It's been some time since I've written and that's been for several reasons. Firstly, Dylan had several set backs the past few weeks. She had seizures, then an asthma attack that put her back on the vent, then two infections in her trach tube and finally, her spasticity has gotten progressively worse each week. I was emotionally drained a bit more each week and got to my lowest point during Week 13 where I just wasn't sure if I would be able to take anymore setbacks. But as usual, God was there to provide me with exactly what I needed and during that week, I was house sitting for my best friend Sarah (love you girl!) and it turned out to be exactly what I needed. I was back in Bed-Stuy and on my own.

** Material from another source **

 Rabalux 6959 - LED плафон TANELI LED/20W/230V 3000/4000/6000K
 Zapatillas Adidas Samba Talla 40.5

I was in my old neighborhood - which was awesome! - and was able to just sit with my thoughts and feelings. The time alone allowed me to realize a few things. One, I was depressed. I was living every moment anxious about what else would or could happen with Dylan. Additionally, because I'd gained a considerable amount of weight in the past few months, I was feeling unsure about myself personally as well. It was a recipe for disaster and although I had done well in avoiding the "D" word for quite some time since Dylan's illness, it was unavoidable and right in my face. I'd have to deal with it. Secondly, I needed to dedicate some real time and effort to taking care of myself emotionally and physically. I had a wealth of friends and family who were truly trying to be there for me and I needed to use them; I needed to reach out for the help and support I needed. And I needed to take time to get myself back into good physical health. I needed to get rest, to get mobile, to do the little things that brought joy into to my life and made me happy.

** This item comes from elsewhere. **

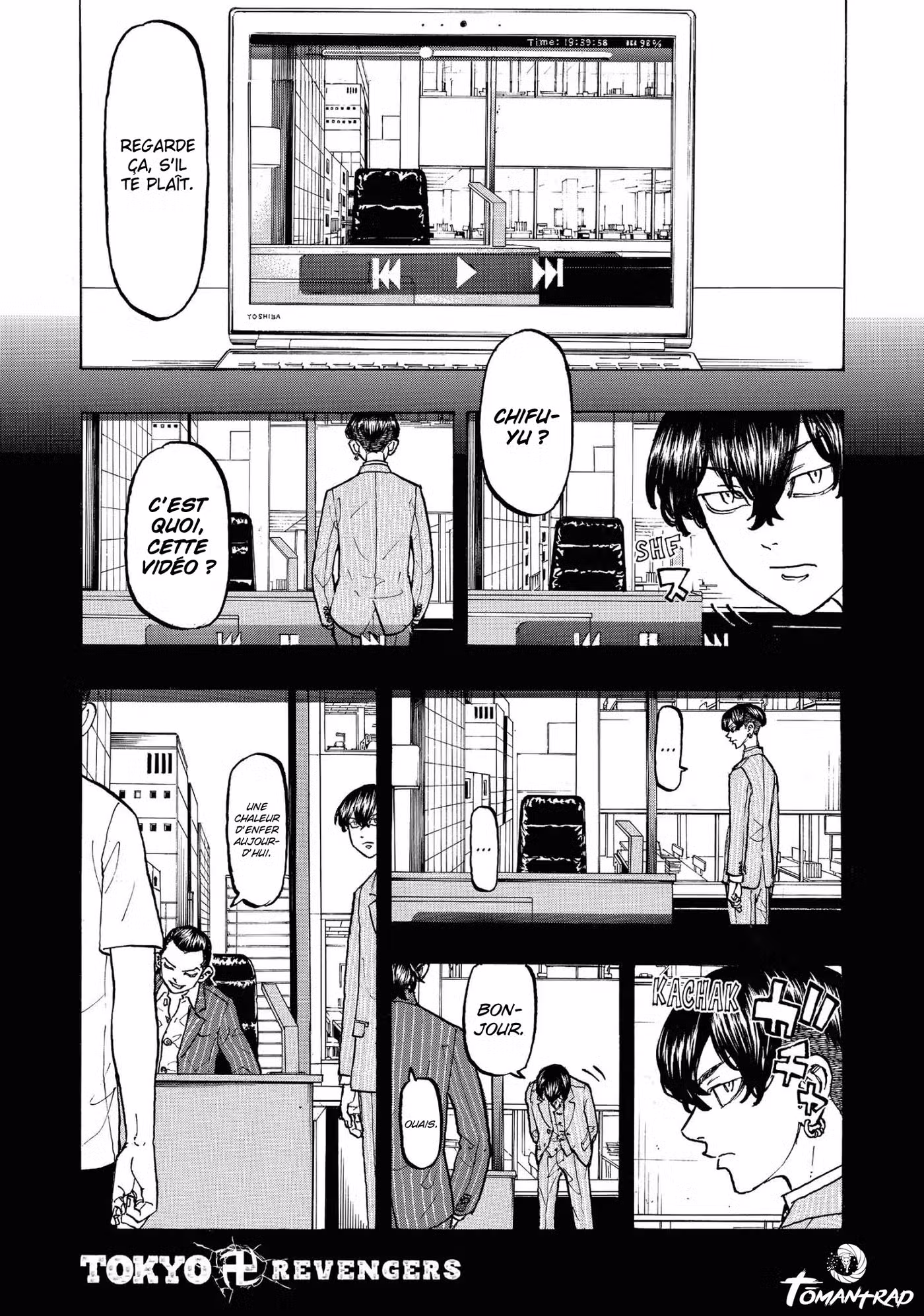 Tokyo Revengers 76 page 2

So for the past two weeks, I've been trying to execute on these realizations. Firstly, I've brought music back into the forefront of my life. Music has always been a savior for me and so every moment I can or need to, I put it on and allow it to soothe me. I've also been playing it for Dylan as well knowing that it will help her too. Music has always been good to and for her as well. I've also decided to listen to myself more. To go with what my heart, mind and soul are saying to me and know that the decisions I make based on that can't be wrong. For quite some time, I've worried about being able to do everything well. What that left me with was feeling like a failure 90% of the time. I realized that I was setting myself up for failure by setting my expectations too high and quite honestly, making it impossible for me to succeed. I've decided that to get back into a routine of doing yoga and exercise is extremely important. So I've given myself until October 1st to get that back into my routine. I'm excited about the decision and am looking forward to it. I've been able to see friends over the past few weeks and to make sincere attempts to socialize. I hadn't realized how long it had been since I'd seen alot of my friends until last week. It's been great and very much needed.

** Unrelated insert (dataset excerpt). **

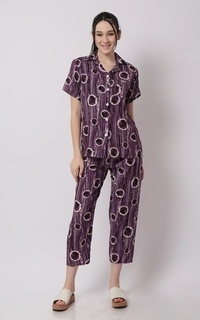 Matching Sets Piyama Tie Dye Tahlia One Set Pyjamas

So how do I deal with Dylan? Well, there's lots to say around that. The biggest challenge has always been the lack of control I have over this situation. I am at the mercy of Dylan's brain injury and the doctors methods of treating all the complications that come with a brain injury. So what could I control? Of course, my reaction to the complications but aside that, I could also look into what the alternatives were to Dylan's current course of treatment. You see, at Blythedale, their main focus is on keeping Dylan comfortable but what I was looking for was treatment that would work on improving Dylan's situation. So I've just started the process of getting information on both facilities and doctors that are working on doing just that. And I'll have to work at a good/great pace because the referral process to a "long term care facility" or "skilled nursing facility" but is really a nursing home for kids. That, of course, will not do for my baby and I'd prefer to not have her stay there for even a second so my plan is to get her moved directly from Blythedale to the place that will help her to get better, not just keep her alive. No disrespect at all to all they do at Blythedale. It's a great facility and they do work hard to keep the children comfortable. However, for me, they are not doing what is needed for Dylan. I believe in the miracle that Dylan is and need to get her to a place where there are doctors and staff that believe in the same.
So, that's my new focus: getting Dylan into the proper care for us to get to the next stage of her recovery, to take better care of myself and....to live a little. I'm excited about going through the planning and putting to action all these plans and to telling you all about it!